# Ringwood, Firehouse/St Florian's



## Danwood (19/8/15)

I may be a little slow off the mark here, but The Firehouse's bar, St Florian, is pretty good now.

I haven't been since they expanded and built a dedicated bar area out the back/down the side.

They've always been good for food and carried a few decent bottles, but they now have 6 (I think) taps.
S&W Jasper, Bright Blowhard, Warsteiner and a few others. They are changing regularly too, apparently.

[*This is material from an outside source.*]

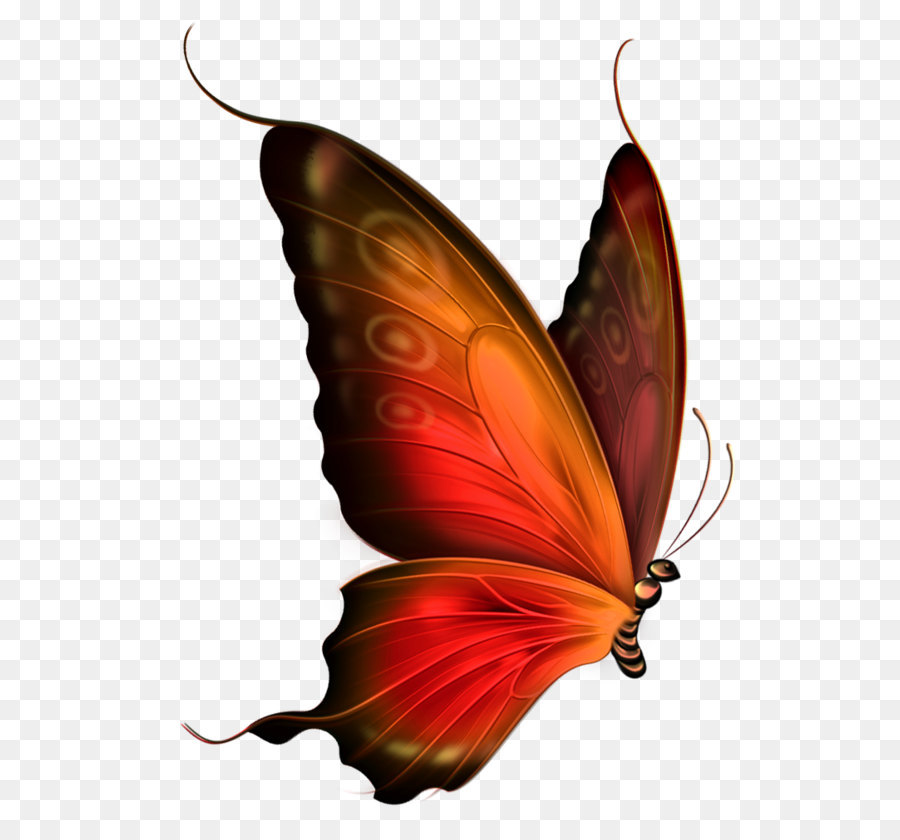 Butterfly Blue Clip art - Red and Brown Transparent Butterfly Clipart png download - 782*1000 - Free Transparent Butterfly png Download.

Anyway, it's about time there was something decent in Ringwood. And, with The Public Brewery's new venue coming to Eastland in October, it's looking up around here.


----------



## Camo6 (20/8/15)

TPB's opening an outlet in Eastland? Awesome. Beats the two half decent choices on offer at Balsamic, before catching a flick.
I did my pre app next door to the Firehouse and enjoyed their coffee, pricey though it was. Didn't realise they had a decent beer offering. 
Cheers Dan, might have to make a trip into Ringwood soon. Oh, could probably pick up my honey while I'm at it!


----------



## Danwood (20/8/15)

Eastland/Public Brewery link...
http://thepublicbrewery.com.au/uncategorized/the-new-eastland-the-new-public-brewery

No, I never liked Balsamic either, Cam. I'd rather go across to Pancake Parlour. They quietly have a couple of decent bottles, MGoat etc.
Oh, and St Florian's do a gourmet snag fest (possibly smoked) with live blues music on Sundays. I'll be heading down to that the weekend after next.


----------



## MAX POWER (20/8/15)

Awesome. I was at firehouse for dinner last week. Saw the posters for St Florian's but never been.

This along with TPB is good news as I'll be moving to the area in a couple of years.


----------